## What you have to do
A stretch of the entries below is to be set down exactly, running from the line with "Impressionism Jigsaw Puzzle" through the line with "Delete APM user session", both included, and no other line.

## Information shown
- - -

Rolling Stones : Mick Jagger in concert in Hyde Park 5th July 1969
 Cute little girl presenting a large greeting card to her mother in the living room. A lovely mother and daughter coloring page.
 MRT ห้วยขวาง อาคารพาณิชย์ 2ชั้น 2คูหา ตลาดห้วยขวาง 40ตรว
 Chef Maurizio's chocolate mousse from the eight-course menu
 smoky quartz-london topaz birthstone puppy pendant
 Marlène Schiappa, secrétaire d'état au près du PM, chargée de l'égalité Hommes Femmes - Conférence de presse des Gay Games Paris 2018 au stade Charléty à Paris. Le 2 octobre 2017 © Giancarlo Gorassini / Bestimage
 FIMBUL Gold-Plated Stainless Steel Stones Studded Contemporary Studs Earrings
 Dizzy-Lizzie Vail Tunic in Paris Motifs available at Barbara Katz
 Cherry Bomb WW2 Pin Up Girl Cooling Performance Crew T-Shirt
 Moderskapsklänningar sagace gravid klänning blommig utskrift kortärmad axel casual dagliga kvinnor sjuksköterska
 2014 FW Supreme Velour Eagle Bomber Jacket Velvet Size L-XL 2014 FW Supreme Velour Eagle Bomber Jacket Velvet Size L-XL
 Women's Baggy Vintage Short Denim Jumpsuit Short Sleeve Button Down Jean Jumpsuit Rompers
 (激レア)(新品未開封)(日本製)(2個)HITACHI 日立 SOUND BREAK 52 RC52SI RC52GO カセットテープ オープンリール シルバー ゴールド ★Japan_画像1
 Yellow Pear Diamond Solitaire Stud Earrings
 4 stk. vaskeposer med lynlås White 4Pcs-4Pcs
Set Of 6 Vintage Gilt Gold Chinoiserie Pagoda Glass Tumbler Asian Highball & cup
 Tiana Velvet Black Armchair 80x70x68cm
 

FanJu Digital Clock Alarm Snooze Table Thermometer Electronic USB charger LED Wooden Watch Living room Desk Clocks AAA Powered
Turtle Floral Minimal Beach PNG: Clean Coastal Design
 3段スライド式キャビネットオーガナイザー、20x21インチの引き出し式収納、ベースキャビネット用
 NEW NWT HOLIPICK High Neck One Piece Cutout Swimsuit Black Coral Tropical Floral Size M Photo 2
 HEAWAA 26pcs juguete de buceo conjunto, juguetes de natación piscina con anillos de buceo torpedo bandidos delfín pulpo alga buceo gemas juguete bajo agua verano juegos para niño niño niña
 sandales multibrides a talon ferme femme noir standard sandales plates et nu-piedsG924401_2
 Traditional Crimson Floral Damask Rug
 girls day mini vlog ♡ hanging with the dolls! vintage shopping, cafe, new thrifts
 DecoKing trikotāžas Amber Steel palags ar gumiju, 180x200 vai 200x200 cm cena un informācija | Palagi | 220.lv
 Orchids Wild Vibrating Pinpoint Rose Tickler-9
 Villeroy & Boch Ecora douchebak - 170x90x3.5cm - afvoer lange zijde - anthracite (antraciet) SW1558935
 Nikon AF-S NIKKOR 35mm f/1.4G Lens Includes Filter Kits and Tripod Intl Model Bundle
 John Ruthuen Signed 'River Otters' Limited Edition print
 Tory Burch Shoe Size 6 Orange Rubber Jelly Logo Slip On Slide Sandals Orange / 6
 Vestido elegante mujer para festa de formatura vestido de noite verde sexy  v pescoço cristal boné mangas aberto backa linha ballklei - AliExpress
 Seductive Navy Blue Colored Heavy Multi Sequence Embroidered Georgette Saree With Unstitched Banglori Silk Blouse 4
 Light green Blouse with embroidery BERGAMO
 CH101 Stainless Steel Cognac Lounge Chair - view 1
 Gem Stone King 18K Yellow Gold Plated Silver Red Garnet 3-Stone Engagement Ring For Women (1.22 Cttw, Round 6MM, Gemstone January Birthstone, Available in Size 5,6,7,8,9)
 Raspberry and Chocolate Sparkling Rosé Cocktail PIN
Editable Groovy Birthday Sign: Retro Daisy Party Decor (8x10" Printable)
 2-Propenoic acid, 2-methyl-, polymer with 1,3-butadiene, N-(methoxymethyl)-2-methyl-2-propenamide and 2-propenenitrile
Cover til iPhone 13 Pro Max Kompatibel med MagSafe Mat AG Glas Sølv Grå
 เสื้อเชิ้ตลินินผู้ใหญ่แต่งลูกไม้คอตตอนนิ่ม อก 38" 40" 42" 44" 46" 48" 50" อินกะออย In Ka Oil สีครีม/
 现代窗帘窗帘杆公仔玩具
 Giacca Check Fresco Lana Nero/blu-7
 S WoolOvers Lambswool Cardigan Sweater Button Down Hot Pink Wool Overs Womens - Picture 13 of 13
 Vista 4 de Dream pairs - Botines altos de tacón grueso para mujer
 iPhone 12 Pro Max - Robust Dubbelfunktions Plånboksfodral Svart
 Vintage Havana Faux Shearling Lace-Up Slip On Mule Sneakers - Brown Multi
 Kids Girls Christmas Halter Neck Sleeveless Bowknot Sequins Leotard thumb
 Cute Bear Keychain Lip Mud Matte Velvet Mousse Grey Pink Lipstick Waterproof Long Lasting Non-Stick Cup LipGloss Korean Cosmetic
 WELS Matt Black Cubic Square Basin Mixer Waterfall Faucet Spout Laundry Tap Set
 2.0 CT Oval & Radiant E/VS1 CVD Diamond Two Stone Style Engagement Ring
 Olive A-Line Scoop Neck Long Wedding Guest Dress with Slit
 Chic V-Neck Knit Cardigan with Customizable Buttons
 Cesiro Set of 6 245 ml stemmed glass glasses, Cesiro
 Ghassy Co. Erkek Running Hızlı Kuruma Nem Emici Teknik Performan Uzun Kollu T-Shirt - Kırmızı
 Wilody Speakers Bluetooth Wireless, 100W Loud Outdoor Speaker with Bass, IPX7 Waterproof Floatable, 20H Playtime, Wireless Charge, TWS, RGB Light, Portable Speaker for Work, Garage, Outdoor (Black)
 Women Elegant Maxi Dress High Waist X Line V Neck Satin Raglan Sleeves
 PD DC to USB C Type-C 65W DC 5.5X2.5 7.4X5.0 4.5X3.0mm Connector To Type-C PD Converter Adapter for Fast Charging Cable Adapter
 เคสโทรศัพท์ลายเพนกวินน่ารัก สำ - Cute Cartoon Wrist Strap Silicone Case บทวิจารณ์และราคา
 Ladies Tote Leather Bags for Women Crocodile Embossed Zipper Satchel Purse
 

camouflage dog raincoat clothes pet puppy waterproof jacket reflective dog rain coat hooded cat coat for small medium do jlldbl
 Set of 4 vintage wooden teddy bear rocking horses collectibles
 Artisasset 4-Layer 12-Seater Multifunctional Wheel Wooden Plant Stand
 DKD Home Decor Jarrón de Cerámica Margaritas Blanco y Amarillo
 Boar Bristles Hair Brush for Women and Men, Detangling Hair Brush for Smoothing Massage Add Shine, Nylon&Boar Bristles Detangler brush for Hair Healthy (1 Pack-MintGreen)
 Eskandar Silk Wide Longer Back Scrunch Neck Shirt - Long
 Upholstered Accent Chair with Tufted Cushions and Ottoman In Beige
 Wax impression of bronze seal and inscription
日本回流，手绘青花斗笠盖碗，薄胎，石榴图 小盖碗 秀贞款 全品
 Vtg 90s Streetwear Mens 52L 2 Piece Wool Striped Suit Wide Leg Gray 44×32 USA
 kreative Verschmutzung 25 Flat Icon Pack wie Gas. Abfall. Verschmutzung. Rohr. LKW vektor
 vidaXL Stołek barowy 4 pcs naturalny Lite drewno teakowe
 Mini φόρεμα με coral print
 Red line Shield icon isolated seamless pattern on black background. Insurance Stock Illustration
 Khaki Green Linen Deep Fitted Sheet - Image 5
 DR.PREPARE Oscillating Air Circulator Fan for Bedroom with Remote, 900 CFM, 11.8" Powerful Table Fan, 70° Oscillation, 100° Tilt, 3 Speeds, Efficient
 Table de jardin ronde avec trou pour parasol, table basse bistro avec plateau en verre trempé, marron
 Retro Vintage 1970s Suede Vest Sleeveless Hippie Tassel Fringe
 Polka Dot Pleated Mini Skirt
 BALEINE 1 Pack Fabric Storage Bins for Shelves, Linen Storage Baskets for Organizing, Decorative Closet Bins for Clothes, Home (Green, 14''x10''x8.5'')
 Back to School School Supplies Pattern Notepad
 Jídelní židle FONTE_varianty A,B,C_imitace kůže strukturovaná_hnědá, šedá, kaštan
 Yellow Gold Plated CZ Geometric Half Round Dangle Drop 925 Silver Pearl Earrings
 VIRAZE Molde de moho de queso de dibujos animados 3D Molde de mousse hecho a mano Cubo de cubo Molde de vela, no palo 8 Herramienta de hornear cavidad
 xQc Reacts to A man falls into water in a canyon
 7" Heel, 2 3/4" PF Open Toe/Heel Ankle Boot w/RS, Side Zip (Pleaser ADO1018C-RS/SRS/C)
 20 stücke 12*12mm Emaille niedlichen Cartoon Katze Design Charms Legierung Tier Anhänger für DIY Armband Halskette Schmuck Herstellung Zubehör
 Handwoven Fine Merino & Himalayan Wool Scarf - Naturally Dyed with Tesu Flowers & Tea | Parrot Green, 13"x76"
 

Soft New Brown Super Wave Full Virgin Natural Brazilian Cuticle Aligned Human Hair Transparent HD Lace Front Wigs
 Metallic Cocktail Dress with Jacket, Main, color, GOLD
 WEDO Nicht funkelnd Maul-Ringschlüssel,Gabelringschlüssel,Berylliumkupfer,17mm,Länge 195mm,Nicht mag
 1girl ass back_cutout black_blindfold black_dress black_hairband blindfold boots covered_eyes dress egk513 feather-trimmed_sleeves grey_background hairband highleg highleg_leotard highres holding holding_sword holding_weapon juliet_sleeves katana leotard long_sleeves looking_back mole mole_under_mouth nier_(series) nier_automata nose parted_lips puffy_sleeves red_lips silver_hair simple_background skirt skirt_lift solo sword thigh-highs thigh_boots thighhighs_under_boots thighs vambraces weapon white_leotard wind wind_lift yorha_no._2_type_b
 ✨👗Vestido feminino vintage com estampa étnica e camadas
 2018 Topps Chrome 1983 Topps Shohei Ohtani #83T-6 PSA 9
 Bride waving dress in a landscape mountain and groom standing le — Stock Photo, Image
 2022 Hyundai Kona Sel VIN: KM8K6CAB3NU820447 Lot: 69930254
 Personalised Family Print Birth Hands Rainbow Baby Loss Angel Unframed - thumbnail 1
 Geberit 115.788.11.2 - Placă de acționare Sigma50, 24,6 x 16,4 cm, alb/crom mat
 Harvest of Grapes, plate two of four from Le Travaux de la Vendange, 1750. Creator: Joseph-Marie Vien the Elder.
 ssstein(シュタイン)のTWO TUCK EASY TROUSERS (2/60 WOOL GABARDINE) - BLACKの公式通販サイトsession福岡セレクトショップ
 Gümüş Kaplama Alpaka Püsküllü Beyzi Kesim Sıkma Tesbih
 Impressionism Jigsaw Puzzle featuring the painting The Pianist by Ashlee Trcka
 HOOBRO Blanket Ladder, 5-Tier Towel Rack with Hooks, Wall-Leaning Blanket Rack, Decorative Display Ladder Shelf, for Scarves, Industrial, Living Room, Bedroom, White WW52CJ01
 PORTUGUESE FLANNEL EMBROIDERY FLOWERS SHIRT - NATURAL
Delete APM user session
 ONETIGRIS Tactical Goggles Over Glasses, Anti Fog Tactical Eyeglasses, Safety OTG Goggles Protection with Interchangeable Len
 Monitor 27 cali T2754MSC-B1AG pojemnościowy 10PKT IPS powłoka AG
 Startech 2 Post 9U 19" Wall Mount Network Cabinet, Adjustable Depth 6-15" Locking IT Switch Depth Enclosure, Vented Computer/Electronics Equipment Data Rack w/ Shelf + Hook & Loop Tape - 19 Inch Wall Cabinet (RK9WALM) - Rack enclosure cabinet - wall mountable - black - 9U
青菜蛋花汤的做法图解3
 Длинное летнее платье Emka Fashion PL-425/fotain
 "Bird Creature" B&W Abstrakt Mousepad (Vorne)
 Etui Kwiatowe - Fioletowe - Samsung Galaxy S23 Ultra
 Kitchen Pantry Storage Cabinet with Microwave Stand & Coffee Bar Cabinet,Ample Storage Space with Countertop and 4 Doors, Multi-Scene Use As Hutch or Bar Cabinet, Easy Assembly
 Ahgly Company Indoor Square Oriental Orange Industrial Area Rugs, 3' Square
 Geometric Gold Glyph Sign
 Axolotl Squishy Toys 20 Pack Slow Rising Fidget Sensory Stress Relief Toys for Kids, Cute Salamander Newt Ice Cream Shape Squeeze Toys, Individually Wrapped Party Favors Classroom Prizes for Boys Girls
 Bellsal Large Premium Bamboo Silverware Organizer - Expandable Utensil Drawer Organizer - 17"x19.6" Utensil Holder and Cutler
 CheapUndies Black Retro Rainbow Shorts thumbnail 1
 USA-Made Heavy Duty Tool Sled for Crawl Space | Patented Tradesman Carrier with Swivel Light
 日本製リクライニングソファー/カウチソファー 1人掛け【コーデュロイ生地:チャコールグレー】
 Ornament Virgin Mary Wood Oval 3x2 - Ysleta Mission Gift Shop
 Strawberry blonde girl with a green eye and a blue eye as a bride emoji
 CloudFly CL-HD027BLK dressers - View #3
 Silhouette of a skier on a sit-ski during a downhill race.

- - -

## Task solution
 Impressionism Jigsaw Puzzle featuring the painting The Pianist by Ashlee Trcka
 HOOBRO Blanket Ladder, 5-Tier Towel Rack with Hooks, Wall-Leaning Blanket Rack, Decorative Display Ladder Shelf, for Scarves, Industrial, Living Room, Bedroom, White WW52CJ01
 PORTUGUESE FLANNEL EMBROIDERY FLOWERS SHIRT - NATURAL
Delete APM user session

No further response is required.